North Keeling Island remains one of the few examples in the Indian Ocean of a seabird colony habitat relatively unaffected by feral animals and only rarely visited by humans, and contains rare ecosystems now absent from other islands of the Cocos (keeling) group. Seventeen of the 25 bird species recorded on the island actually breed there. The dominant bird species, the Red-footed Booby (Sula sula), maintains one of the largest breeding colonies in the world on the island. Fourteen species of birds recorded on the island are listed in the Japan-Australia Migratory Birds Agreement or the China-Australia Migratory Birds Agreement. The island is the only locality where the endemic and endangered Cocos Buff-banded Rail (Gallirallus phillipensis andrewsi) is found.

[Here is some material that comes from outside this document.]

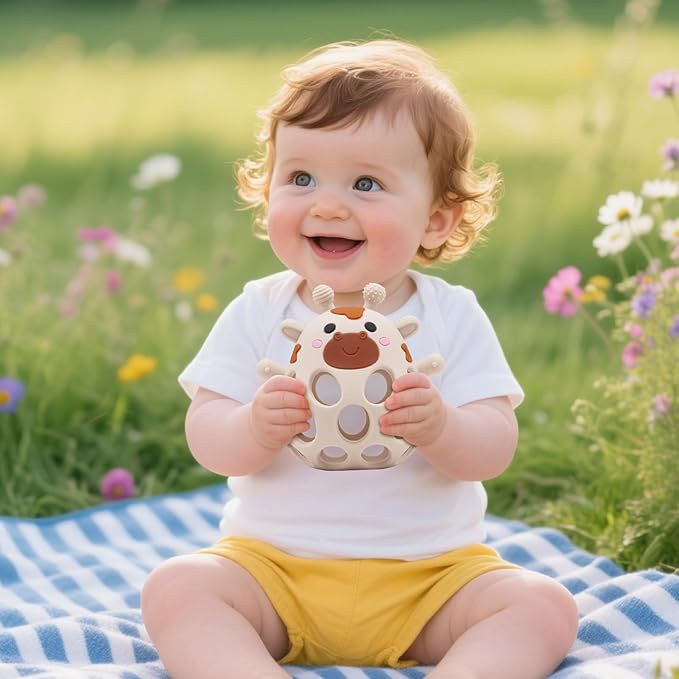 Baby High Chair Toys Teething Chew - Baby Table Toys, High Chair Suction Toy Teething Toys Silicone Teethers, Food Grade Silicon for 6 12 18 Months White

The island is home to a number of land crabs including the robber crab (Birgus latro) which is considered vulnerable to extinction internationally, and is used by the Green and Hawksbill turtles which are both classified as vulnerable. The Green turtle has been recorded breeding on the island.
North Keeling Island contains rare ecosystems now absent from other islands of the Cocos (Keeling) group. It can be used as a source of seed material for revegetation of the southern atoll, and a gene pool for recolonisation of the southern atoll.
North Keeling Island is significant to studies of island biogeography because of its evolution in isolation and it continues to be a site of scientific research.